Speaking to reporters in Tehran, Annan said he and his host agreed on the need to “find a peaceful solution to the crisis”.
“I have received government assurances they will respect the ceasefire,” he said. “If everyone respects it, I think by six in the morning on Thursday we shall see improved conditions on the ground.”
Despite reports from the opposition Syrian National Council (SNC) that 1,000 people have died in the last eight days, Annan has refused to give up on his plan.
“We still have time between now and 12 April to stop the violence,” he said on Tuesday after visiting a refugee camp on the Turkish border.
“It’s a plan we’re all fighting to implement … It’s a plan the Syrians have endorsed, and from the comments made by the opposition, they are also prepared to go along with it if the government meets its commitments to pull the troops out.”
Rebuffing claims that his plan had already failed, he asked: “If you want to take it off the table, what would you replace it with?”
Western governments signalled continuing support for his efforts but used harsh language to condemn Syria’s president, Bashar al-Assad. France called it a “flagrant and unacceptable lie” for Syria to claim it had already withdrawn its forces from populated areas, as required.
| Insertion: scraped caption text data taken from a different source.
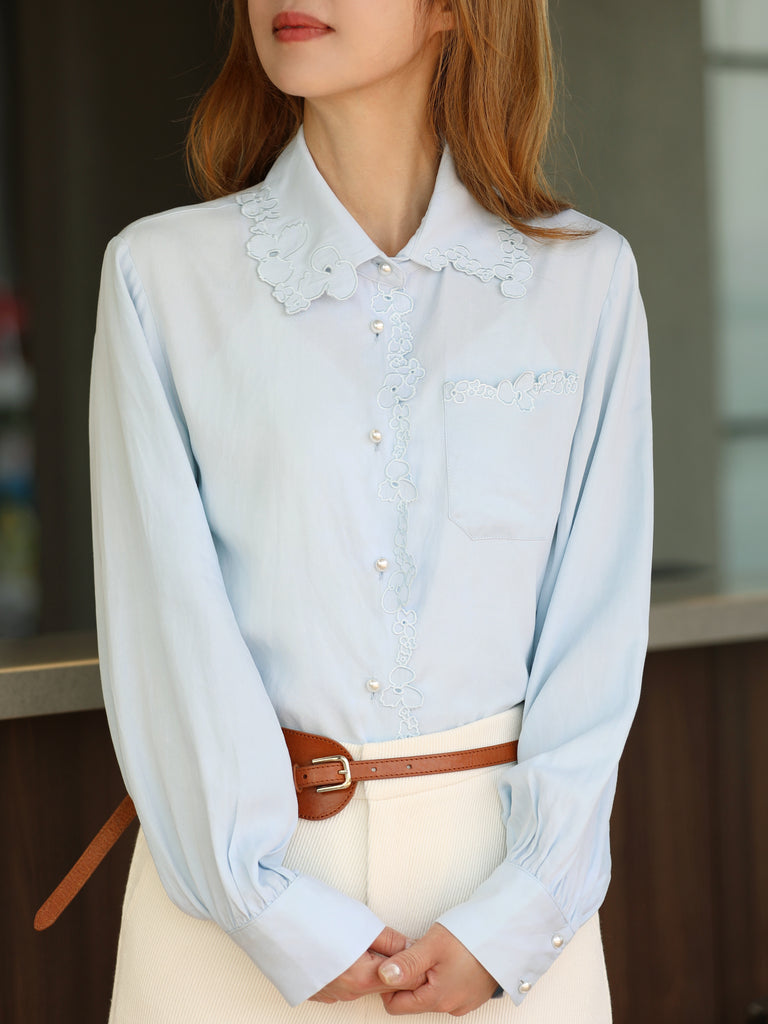 Baby Blue Floral Embroidered Pearl Button Washed Denim Shirt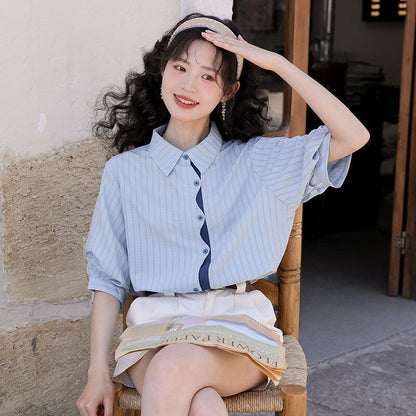好感度UP 上質 美人度アップ 知的 ストライプ柄 3色選択 半袖シャツ＜F-9047＞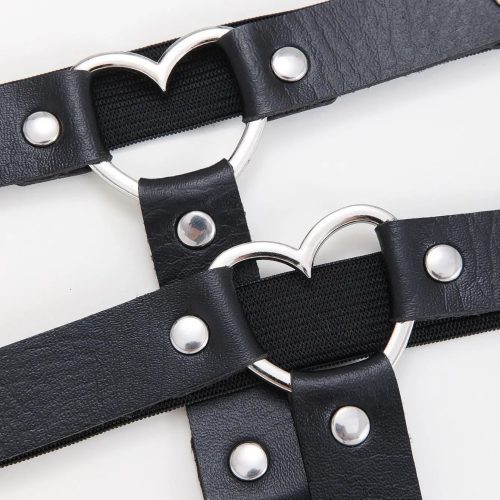 2pcs PU Leather Heart Garter Belt P A Boutique 84602266 1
William Hague, the foreign secretary, said: “There is no evidence so far that the Assad regime has any intention of adhering to any agreement it makes.” If efforts failed, Hague warned, Britain was ready to return to the UN security council to call again for a united international response “to this clear threat to international peace and security”.
In Moscow, Walid al-Muallim, Syria’s foreign minister, said his country was committed to the plan, and for the first time appeared to imply that Damascus would accept UN monitors, as it accepted Arab League monitors for an ultimately abortive mission last December. Under current plans, an advance UN party is due to deploy by 18 April.
Sergei Lavrov, the Russian foreign minister, appeared to administer a rebuke to Muallim, saying the Syrian government “could have been more decisive” in implementing the plan, but he also called on opposition forces to halt violence.
Syrian opposition activists have scorned Annan as naive for appearing to believe that Assad would act in good faith. But independent commentators insisted he was being realistic. “The object of the exercise is to manoeuvre the Russians into a position where they have to go along with the international consensus,” a former UN aide said.
In the absence of international readiness to intervene in Syria along the lines of Nato’s role in Libya last year, no government is prepared to admit that diplomatic efforts have been exhausted, even if the prospects for success are privately rated as slender to nonexistent.
The Turkish prime minister, Recep Tayyip Erdogan, accused Syrian forces of violating the border in an incident on Monday and said his government was considering its response, including measures “we do not want to think about”.
Ahmet Davutoglu, his foreign minister, spent the day consulting security council colleagues but diplomats made clear that Ankara would not act unilaterally.
The SNC and the Free Syrian Army, the opposition’s principal armed wing, accepted Annan’s plan but rejected a last-minute demand by Assad to provide written guarantees that they would lay down their arms.
Annan told the UN he had been advised by Lavrov after his Moscow meeting with Muallim “that the Syrian government is no longer insisting on written guarantees, but would need me to assure that the other parties and governments also accept the plan”.